Television in the United States
- Network: FX
- Announcers: Mike Joy, Larry McReynolds, Darrell Waltrip

Radio in the United States
- Radio: Motor Racing Network

= 2002 Pontiac Excitement 400 =

11th race of the 2002 NASCAR Winston Cup Series

The 2002 Pontiac Excitement 400 was the 11th stock car race of the 2002 NASCAR Winston Cup Series and the 48th iteration of the event. The race was held throughout the days of May 4–5, 2002 due to rain forcing the delay of the race from its scheduled Sunday date. The race was held in Richmond, Virginia, at Richmond International Raceway, a 0.75 miles (1.21 km) D-shaped oval. The race took the scheduled 400 laps to complete.
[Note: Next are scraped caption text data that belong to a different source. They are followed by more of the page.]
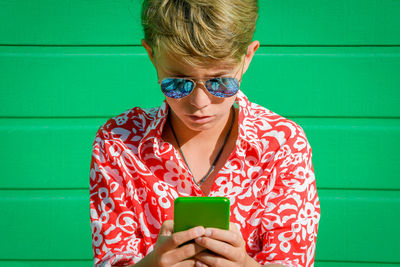 Boy wearing sunglasses using mobile phone against wall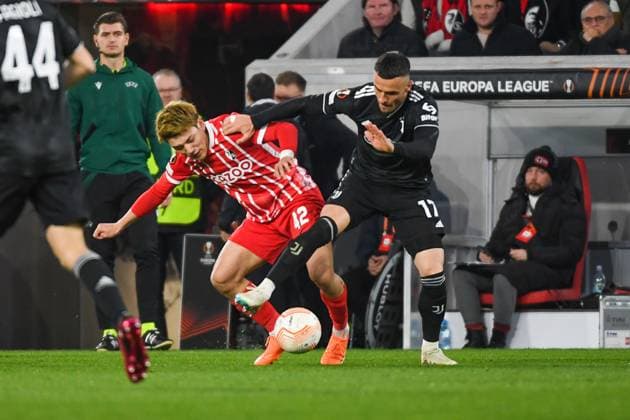 Football Europa League Round of 16 second leg 22 23 SC Freiburg vs Juventus Turin 16 03 2023 Ritsu Doan SC Freiburg 42 in duel with Filip Kostic Juventus Turin 17 Football Europa League Round of 16 second leg SC Freiburg vs Juventus Turin on Thursday, March 16, 2023 at Europa Park Stadium in Freiburg im Breisgau, Germany Copyright: xBEAUTIFULxSPORTS GerdxGruendlx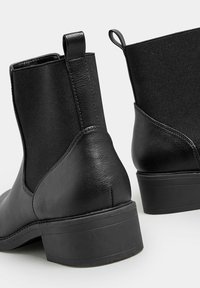 Mustat nilkkurit, joissa on sileä nahkakärki ja pehmeä kangaspaneeli, jossa on vetoketju. Pyöristetty korko ja teksturoitu kumipohja.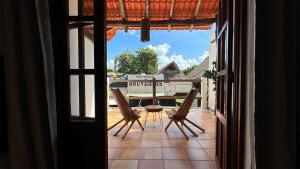 an open door to a patio with a table and chairs at Departamentos en SF - Adults Only in Playa del Carmen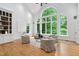 Living room with vaulted ceilings, hardwood floors and many windows overlooking backyard at 10405 Veasey Mill Rd, Raleigh, NC 27615
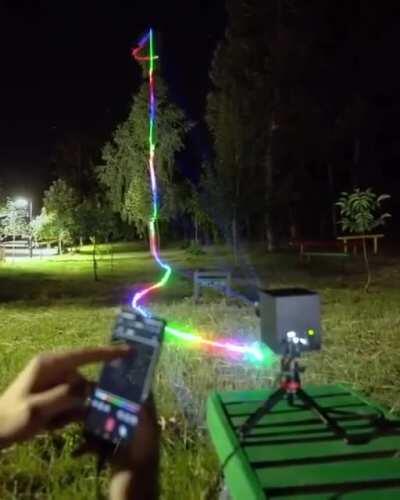 Draw in the air using your phone and a special projector.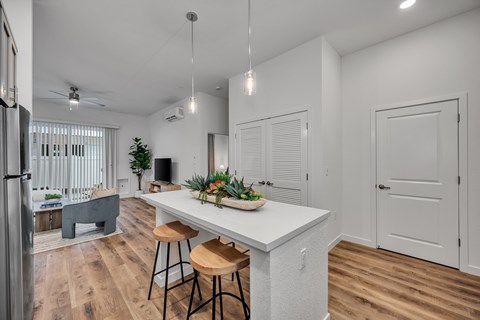 A kitchen with a white counter and bar stools.
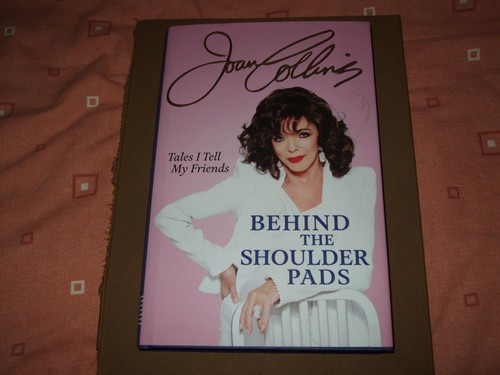 Signed joan collins behind - signed.,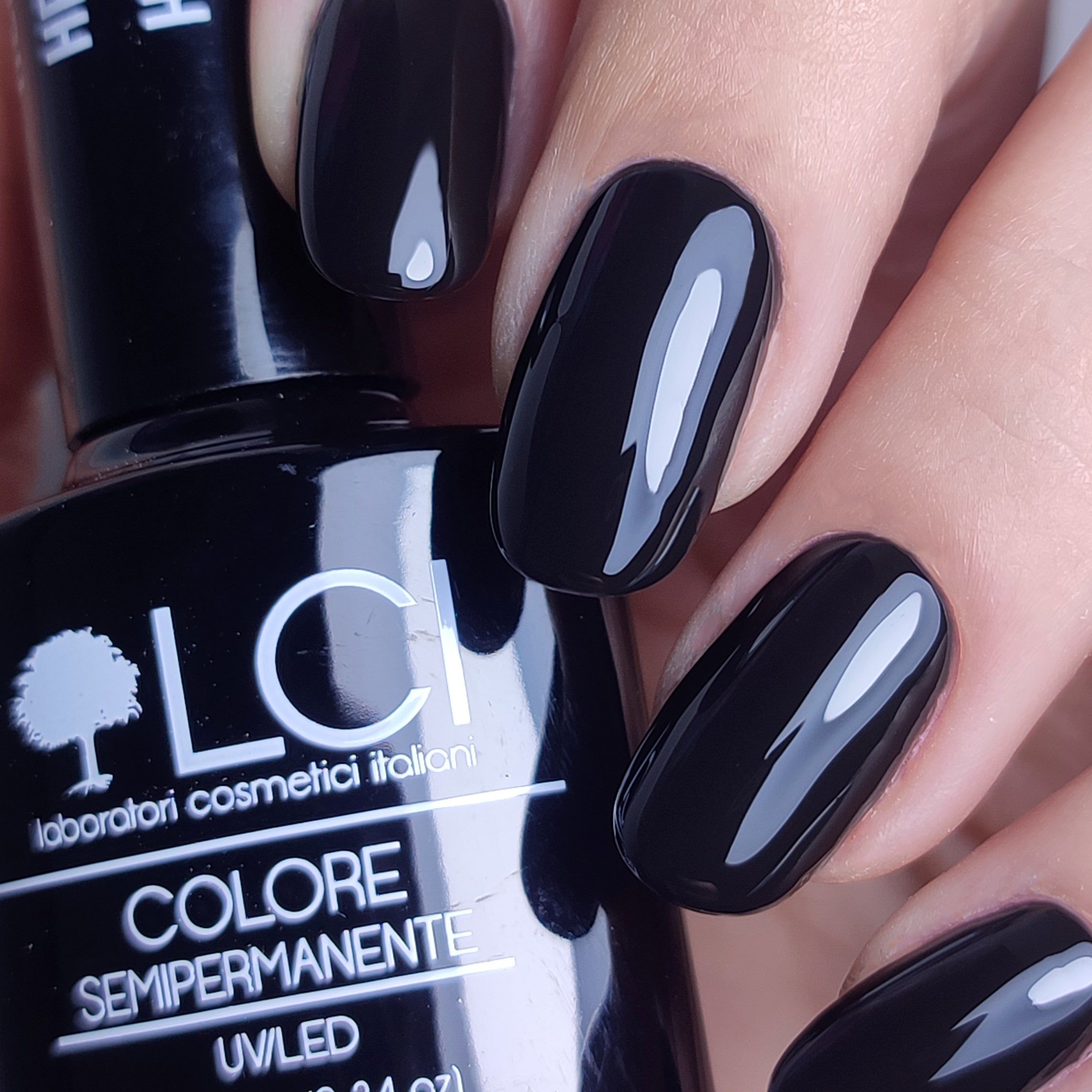 Unghie smaltate con smalto gel nero. Flacone con scritta: LCI, Colore Semipermanente, UVLED.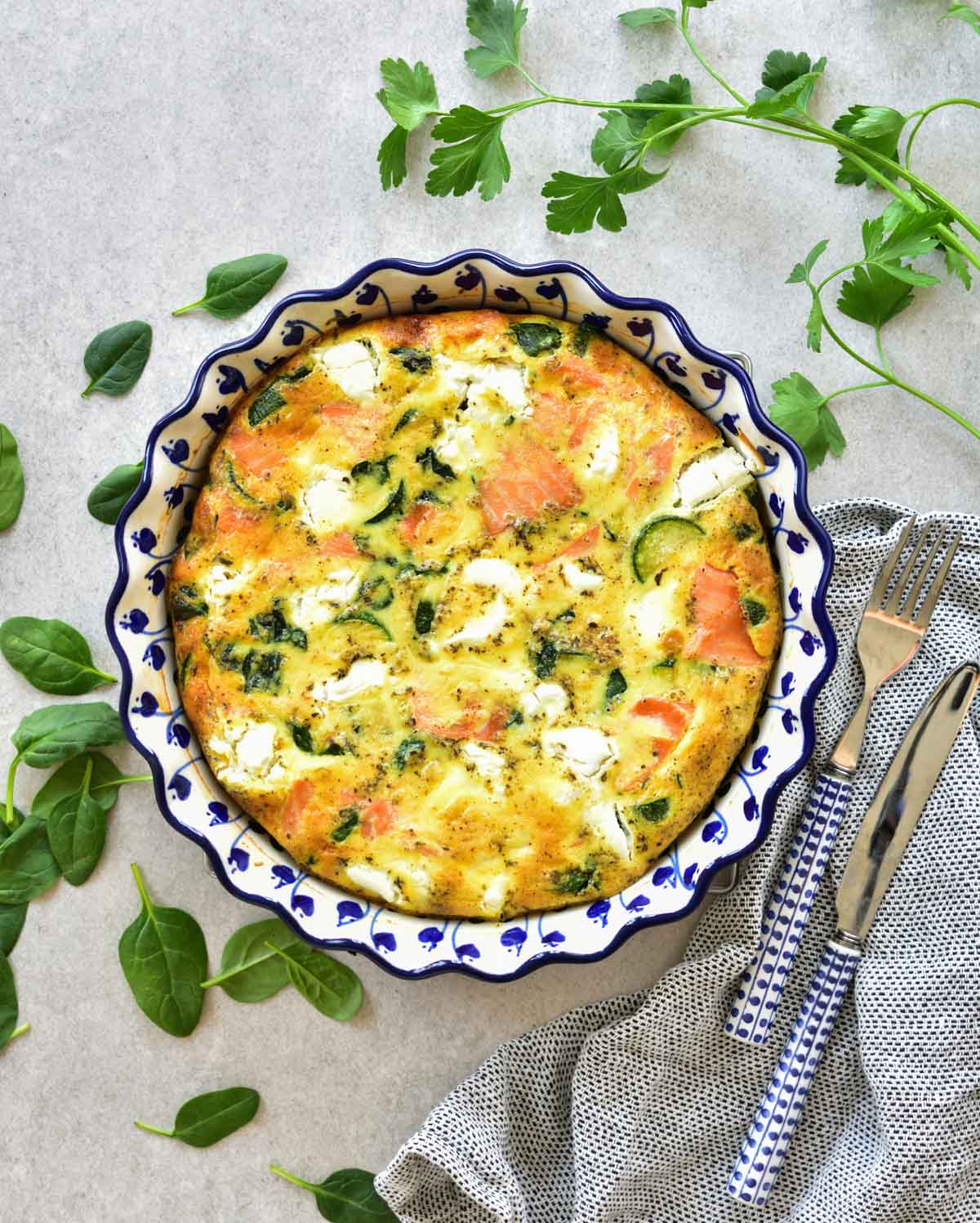 Smoked salmon frittata with zucchini and spinach in a white-blue baking dish.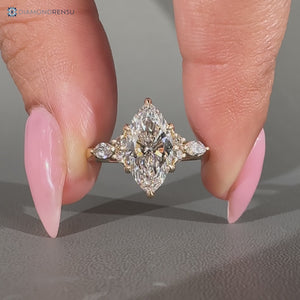 Marquise and round side stones paired with a seven stone style.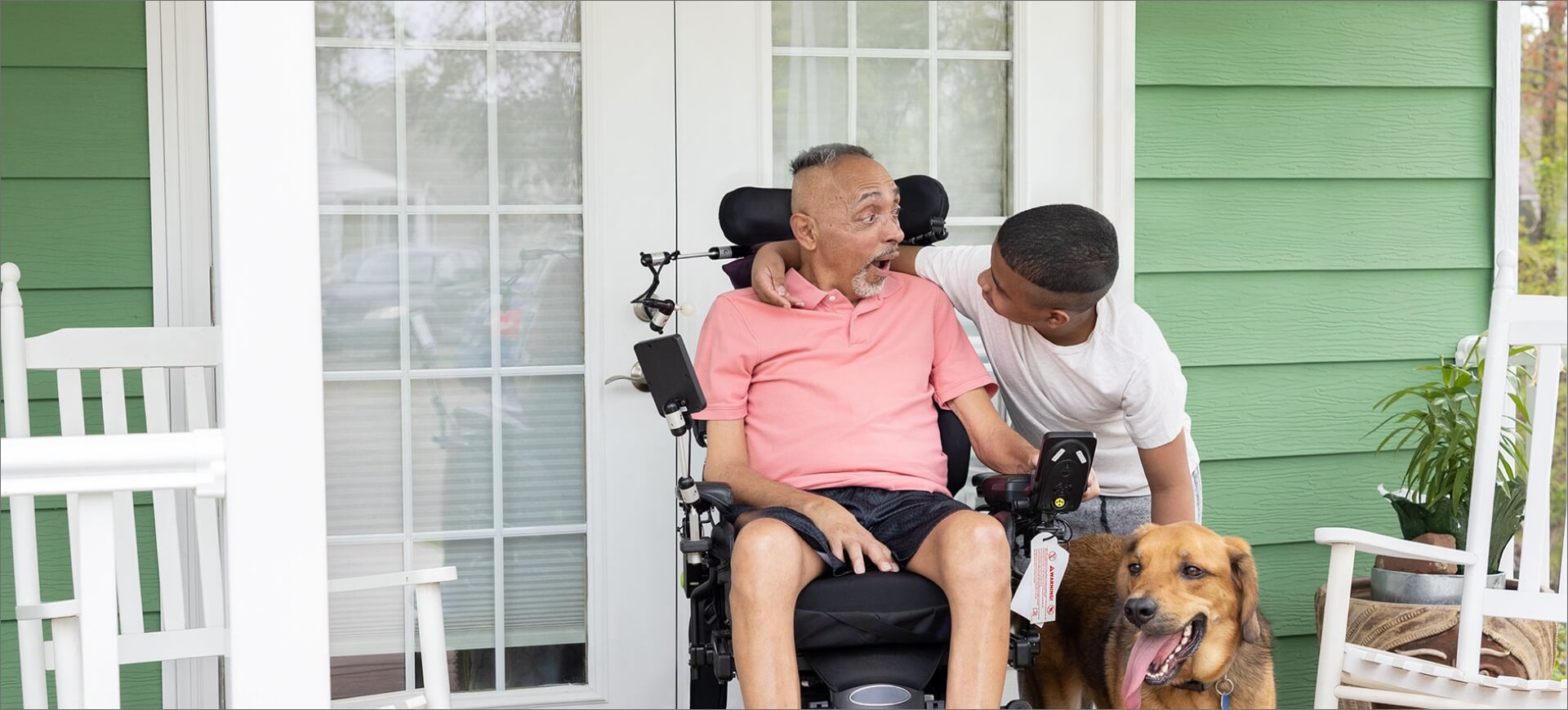 ALS patient in motorized chair with family member and dog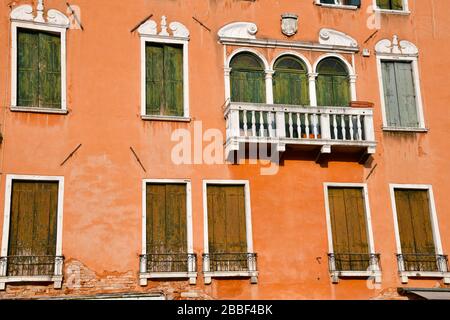 Vista ravvicinata di una sezione di uno degli edifici storici di Venezia con un gran numero di persiane stagne contro un muro con un po' di col sbiadito Foto Stock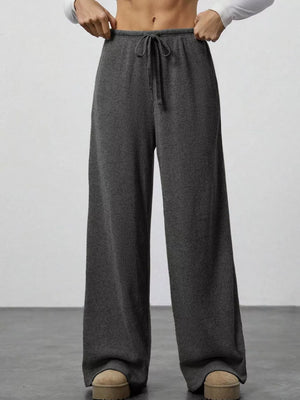 Dark gray ribbed wide-leg pants with drawstring waist and pockets.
At race's end, Tony Stewart, driving for Joe Gibbs Racing, would win a crash-marred and wild race after taking control of the final restart with 18 to go. The win was Stewart's 14th career NASCAR Winston Cup Series win and his second of the season. To fill out the podium, Ryan Newman of Penske Racing and Jeff Burton of Roush Racing would finish second and third, respectively.

== Background ==

The layout of Richmond International Raceway, the venue where the race was at.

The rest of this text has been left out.